*DATA TO USE*
━━━
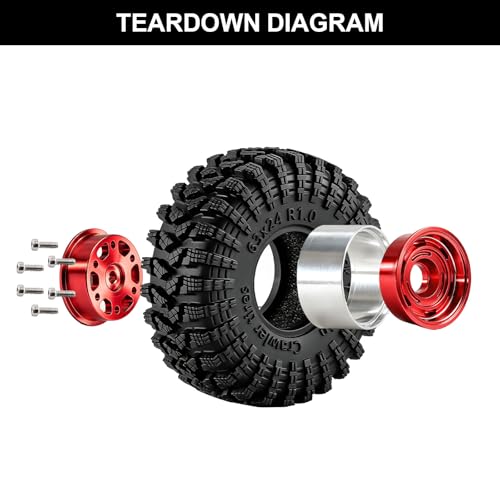 1.0" Beadlock Aluminum Wheels and 64mm Soft Rubber Tires | for SCX24, TRX4M, Ascent 18, FCX24, 1/18 1/24 RC Crawler, 7mm Hex, 0mm Offset, with Foam Inserts, (Bronze 356) - color: Bronze 356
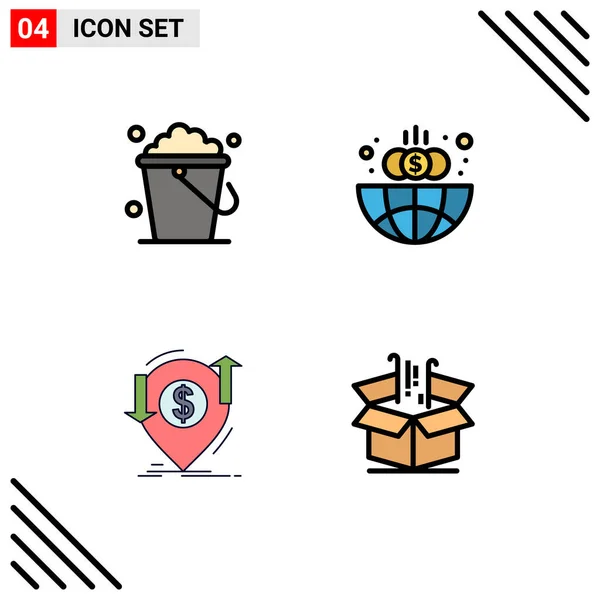 Set Modern Icons Sysymbols Signs Bucket Financial Home Global Finance — Vector de stock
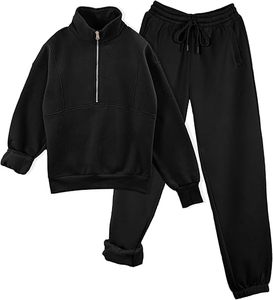 Ensemble de survêtement pour femme en molleton 100% coton, avec logo personnalisé imprimé, comprenant un sweat à capuche court d'extérieur et un pantalon de survêtement, à demi-zip et col montant, style sportswear - Product Image 6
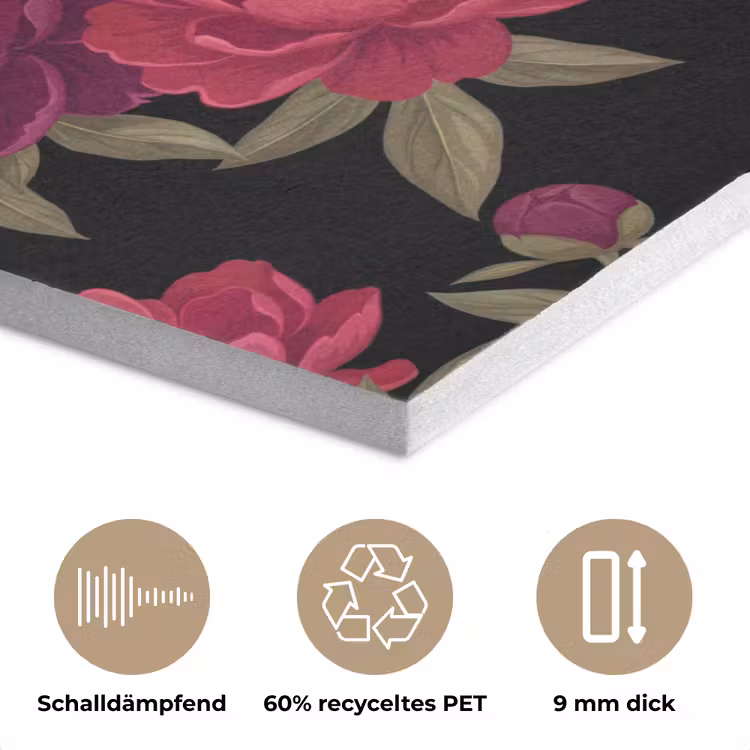 Bloemen - Patroon - Botanisch - Rood - Zwart PET vilt klein -closeup_DE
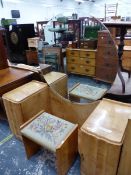 AN ART DECO SATIN BIRCH DRESSING TABLE AND STOOL. W 138 X D 54 X H 148CMS.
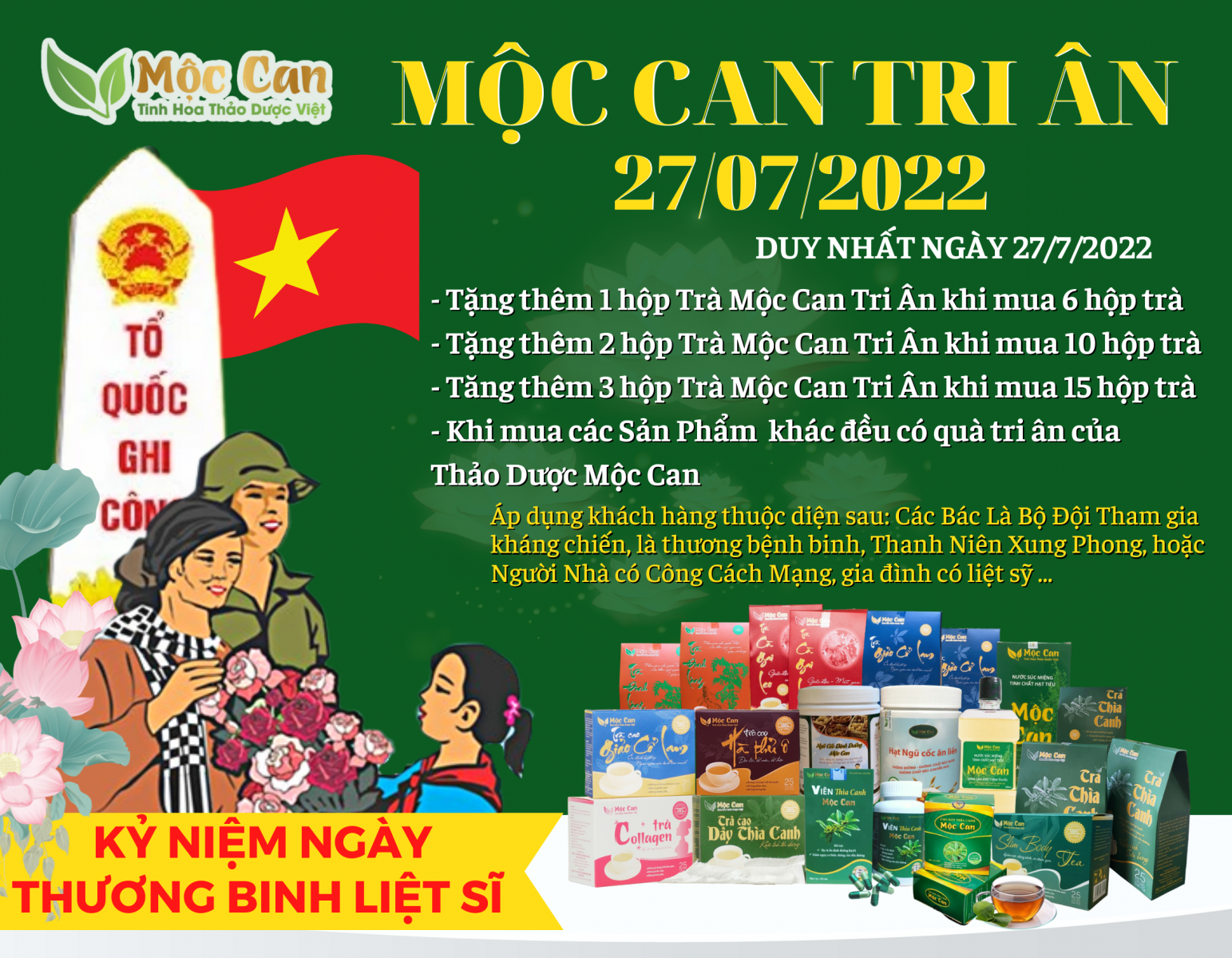 Chương trình  MỘC CAN TRI ÂN nhân dịp Ngày Thương binh- Liệt sĩ 27/07/2022 1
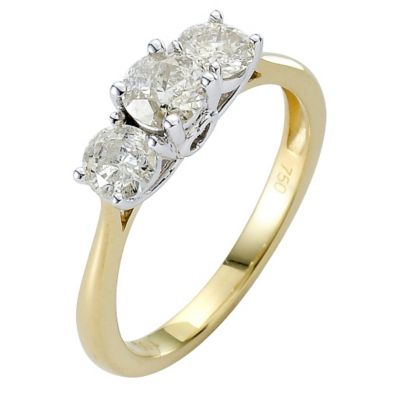 18ct Gold One Carat Three Stone Diamond Ring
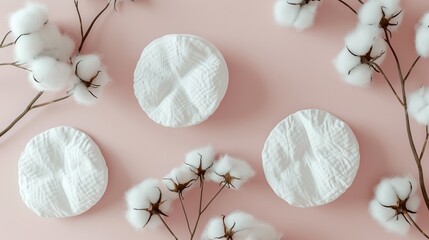 Soft, gentle organic cotton pad closeup, 2D flat lay, highlighting texture and purity on a calm, pastel background , 3D render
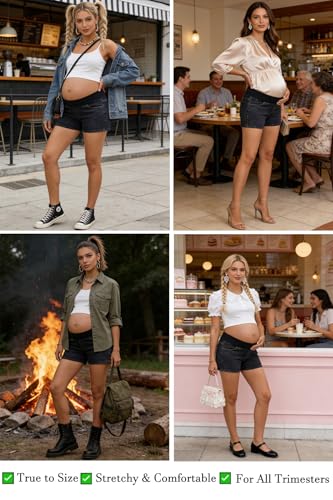 BLENCOT Maternity Jean Shorts Denim Pregnancy Classic Pockets Pregnancy - color: Black, size: X-Large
━━━
*THE PROBLEM*
Your answer should hold every record above, printed exactly and free of pictures.

*ANSWER SPACE*
 1.0" Beadlock Aluminum Wheels and 64mm Soft Rubber Tires | for SCX24, TRX4M, Ascent 18, FCX24, 1/18 1/24 RC Crawler, 7mm Hex, 0mm Offset, with Foam Inserts, (Bronze 356) - color: Bronze 356
 Set Modern Icons Sysymbols Signs Bucket Financial Home Global Finance — Vector de stock
 Ensemble de survêtement pour femme en molleton 100% coton, avec logo personnalisé imprimé, comprenant un sweat à capuche court d'extérieur et un pantalon de survêtement, à demi-zip et col montant, style sportswear - Product Image 6
 Bloemen - Patroon - Botanisch - Rood - Zwart PET vilt klein -closeup_DE
 AN ART DECO SATIN BIRCH DRESSING TABLE AND STOOL. W 138 X D 54 X H 148CMS.
 Chương trình  MỘC CAN TRI ÂN nhân dịp Ngày Thương binh- Liệt sĩ 27/07/2022 1
 18ct Gold One Carat Three Stone Diamond Ring
 Soft, gentle organic cotton pad closeup, 2D flat lay, highlighting texture and purity on a calm, pastel background , 3D render
 BLENCOT Maternity Jean Shorts Denim Pregnancy Classic Pockets Pregnancy - color: Black, size: X-Large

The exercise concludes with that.